Gurdjieff usa essa história para ilustrar um princípio fundamental da natureza humana: a tendência de persistir em uma ação ou situação, mesmo quando está claro que ela é prejudicial. Porém, fazemos isso simplesmente porque investimos nesta situação. Gurdjieff sugere que esse princípio será um tema recorrente em seu livro.

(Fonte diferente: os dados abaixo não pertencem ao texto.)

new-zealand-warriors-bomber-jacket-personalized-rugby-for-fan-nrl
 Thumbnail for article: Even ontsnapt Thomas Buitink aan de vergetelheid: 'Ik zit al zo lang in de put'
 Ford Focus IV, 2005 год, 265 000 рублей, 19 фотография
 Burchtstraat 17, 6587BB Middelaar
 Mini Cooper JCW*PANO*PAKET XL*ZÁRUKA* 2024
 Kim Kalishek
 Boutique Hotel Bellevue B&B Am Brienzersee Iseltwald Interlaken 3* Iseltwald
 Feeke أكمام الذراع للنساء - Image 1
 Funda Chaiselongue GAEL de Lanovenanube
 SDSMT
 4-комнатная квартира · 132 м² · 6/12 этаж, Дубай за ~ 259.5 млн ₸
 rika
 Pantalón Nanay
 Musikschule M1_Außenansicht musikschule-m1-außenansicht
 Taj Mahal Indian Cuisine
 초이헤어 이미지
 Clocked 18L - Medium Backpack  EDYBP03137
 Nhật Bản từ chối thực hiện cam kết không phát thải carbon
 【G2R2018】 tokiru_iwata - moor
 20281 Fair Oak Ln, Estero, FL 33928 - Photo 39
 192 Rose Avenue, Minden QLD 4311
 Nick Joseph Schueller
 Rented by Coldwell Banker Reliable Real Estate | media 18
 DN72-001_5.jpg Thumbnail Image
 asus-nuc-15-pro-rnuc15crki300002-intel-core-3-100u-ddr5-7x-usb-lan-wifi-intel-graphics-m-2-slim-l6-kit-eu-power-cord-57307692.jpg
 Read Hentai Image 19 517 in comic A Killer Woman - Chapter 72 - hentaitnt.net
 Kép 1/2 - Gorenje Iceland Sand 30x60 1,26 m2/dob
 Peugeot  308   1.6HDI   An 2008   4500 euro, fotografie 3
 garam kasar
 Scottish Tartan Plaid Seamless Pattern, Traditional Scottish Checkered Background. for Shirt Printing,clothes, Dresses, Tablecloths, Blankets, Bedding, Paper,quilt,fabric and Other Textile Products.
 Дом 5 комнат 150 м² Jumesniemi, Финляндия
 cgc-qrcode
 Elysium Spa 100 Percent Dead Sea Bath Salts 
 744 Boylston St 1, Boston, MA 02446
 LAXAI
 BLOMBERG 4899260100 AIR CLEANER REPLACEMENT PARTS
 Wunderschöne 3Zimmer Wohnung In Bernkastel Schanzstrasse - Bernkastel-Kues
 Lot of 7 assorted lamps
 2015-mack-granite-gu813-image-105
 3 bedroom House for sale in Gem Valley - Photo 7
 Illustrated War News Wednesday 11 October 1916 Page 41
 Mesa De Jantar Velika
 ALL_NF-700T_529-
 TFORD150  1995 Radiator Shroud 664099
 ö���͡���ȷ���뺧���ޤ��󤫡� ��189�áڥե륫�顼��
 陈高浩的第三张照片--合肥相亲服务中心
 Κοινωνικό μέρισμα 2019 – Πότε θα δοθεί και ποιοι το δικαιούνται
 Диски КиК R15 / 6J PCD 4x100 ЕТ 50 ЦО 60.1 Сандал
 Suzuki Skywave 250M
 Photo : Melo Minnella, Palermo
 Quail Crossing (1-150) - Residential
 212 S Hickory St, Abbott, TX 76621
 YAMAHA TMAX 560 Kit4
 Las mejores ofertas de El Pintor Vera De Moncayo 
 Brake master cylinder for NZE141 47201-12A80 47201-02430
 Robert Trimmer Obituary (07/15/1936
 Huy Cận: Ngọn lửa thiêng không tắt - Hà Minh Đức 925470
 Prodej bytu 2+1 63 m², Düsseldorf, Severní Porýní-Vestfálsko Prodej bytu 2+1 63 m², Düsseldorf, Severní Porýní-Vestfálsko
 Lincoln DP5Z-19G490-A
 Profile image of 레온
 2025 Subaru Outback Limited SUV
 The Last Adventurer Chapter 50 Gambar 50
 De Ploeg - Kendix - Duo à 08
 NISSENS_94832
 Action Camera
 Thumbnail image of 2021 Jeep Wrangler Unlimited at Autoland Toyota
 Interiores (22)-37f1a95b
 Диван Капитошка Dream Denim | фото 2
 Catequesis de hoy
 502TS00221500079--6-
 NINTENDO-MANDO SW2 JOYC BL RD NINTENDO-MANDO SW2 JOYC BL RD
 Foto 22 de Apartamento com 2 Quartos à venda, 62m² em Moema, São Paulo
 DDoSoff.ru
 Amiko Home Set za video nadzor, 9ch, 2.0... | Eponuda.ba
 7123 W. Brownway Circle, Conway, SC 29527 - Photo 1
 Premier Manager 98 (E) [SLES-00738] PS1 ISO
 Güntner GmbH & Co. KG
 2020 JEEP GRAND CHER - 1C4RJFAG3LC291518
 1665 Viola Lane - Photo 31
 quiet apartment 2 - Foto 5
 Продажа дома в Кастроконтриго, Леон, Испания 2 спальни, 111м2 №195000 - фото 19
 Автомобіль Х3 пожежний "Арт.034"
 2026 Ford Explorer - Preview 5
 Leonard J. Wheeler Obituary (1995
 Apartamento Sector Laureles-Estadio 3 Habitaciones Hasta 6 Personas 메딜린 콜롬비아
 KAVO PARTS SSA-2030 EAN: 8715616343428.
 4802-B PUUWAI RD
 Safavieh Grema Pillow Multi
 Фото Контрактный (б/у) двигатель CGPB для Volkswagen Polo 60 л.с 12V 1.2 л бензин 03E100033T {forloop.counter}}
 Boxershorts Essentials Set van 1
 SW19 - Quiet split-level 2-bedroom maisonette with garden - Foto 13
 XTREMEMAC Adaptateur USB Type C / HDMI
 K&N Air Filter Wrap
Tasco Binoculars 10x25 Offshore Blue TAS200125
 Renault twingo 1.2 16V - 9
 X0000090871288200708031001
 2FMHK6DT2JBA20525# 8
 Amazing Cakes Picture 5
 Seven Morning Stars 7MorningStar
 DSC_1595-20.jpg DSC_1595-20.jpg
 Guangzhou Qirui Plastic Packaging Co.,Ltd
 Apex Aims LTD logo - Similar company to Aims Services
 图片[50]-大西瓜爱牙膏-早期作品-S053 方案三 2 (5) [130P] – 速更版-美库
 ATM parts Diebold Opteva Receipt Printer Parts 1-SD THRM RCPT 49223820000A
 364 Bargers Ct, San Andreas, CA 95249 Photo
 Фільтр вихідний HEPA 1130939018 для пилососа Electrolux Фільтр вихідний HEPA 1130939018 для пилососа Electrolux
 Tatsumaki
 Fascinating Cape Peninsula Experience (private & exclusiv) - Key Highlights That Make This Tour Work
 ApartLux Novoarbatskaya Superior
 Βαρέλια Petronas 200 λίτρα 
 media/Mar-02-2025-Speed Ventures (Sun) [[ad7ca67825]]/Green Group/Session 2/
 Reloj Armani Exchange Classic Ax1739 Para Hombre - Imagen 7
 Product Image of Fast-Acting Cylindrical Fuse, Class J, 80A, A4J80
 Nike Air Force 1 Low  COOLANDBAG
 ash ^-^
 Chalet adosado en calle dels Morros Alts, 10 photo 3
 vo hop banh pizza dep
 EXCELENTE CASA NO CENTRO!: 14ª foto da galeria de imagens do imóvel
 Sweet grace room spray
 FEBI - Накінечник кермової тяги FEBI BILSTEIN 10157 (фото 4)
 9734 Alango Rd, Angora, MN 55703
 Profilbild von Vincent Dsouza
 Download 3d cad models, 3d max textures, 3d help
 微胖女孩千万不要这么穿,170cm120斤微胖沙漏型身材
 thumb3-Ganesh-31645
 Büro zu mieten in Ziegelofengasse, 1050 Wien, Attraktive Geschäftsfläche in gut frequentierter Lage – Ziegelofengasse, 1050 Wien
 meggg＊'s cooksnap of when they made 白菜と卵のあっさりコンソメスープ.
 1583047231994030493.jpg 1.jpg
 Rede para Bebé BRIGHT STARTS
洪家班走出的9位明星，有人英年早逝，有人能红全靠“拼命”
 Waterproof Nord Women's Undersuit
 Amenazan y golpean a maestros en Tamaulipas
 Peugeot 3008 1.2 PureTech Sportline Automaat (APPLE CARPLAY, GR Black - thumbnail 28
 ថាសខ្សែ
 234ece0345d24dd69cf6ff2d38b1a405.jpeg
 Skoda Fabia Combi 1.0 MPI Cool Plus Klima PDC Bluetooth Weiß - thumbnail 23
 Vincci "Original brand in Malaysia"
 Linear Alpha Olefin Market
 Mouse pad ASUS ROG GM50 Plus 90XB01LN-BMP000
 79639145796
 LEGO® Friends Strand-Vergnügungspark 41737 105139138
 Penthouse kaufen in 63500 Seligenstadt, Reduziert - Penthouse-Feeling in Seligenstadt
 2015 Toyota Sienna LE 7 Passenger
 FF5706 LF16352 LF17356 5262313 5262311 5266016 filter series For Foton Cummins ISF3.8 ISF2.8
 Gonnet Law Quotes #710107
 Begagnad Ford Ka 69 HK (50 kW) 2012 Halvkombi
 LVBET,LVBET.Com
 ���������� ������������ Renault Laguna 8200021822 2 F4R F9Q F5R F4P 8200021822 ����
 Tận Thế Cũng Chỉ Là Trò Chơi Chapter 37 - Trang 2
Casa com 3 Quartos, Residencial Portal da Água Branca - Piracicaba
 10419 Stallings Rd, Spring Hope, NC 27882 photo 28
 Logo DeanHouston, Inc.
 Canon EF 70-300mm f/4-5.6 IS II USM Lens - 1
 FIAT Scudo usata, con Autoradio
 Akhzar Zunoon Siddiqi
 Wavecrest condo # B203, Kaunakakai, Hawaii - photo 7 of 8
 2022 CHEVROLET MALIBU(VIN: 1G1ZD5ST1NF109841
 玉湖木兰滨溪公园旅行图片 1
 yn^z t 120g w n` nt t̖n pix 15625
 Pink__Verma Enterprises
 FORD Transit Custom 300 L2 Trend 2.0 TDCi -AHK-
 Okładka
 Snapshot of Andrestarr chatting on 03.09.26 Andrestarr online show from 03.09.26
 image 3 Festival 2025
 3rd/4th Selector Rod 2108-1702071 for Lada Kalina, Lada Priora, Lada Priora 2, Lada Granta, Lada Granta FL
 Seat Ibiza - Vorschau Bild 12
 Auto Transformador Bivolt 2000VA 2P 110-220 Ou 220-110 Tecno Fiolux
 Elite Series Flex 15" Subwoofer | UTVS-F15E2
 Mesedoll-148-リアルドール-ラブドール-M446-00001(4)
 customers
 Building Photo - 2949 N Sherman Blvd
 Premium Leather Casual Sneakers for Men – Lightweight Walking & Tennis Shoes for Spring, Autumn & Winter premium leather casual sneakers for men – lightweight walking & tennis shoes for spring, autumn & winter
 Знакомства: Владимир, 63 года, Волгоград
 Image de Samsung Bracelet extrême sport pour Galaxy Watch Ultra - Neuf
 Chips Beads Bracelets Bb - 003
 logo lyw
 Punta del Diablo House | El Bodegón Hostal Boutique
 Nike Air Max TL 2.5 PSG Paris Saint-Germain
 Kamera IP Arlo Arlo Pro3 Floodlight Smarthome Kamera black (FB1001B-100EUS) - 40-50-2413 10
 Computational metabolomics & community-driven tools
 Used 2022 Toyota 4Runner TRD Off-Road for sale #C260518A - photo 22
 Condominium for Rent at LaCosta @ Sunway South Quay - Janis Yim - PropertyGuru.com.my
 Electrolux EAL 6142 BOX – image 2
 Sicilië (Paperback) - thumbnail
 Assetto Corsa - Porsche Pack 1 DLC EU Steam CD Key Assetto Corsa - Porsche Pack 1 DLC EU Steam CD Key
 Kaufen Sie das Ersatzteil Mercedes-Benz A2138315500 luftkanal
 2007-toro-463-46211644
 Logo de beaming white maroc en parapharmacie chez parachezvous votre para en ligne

Portanto, essa pequena anedota que abre o livro de Gurdjieff não pode passar despercebida como tema central do trabalho sobre si. A anedota do curdo e a pimenta, contada por Gurdjieff, é uma metáfora poderosa que pode ser aplicada a muitas situações cotidianas. Aqui estão alguns exemplos:
- 1. Investimentos Financeiros: Imagine que você investiu uma grande quantidade de dinheiro em uma ação específica, esperando que ela aumentasse de valor. No entanto, ao longo do tempo, a ação começa a cair e continua a cair. Em vez de vender a ação e cortar suas perdas, você continua a segurá-la, esperando que ela se recupere. Isso é semelhante ao curdo que continua a comer a pimenta, apesar do desconforto, porque ele pagou por ela. Aqui, o compromisso interno de não perder dinheiro pode mantê-lo preso a um investimento prejudicial.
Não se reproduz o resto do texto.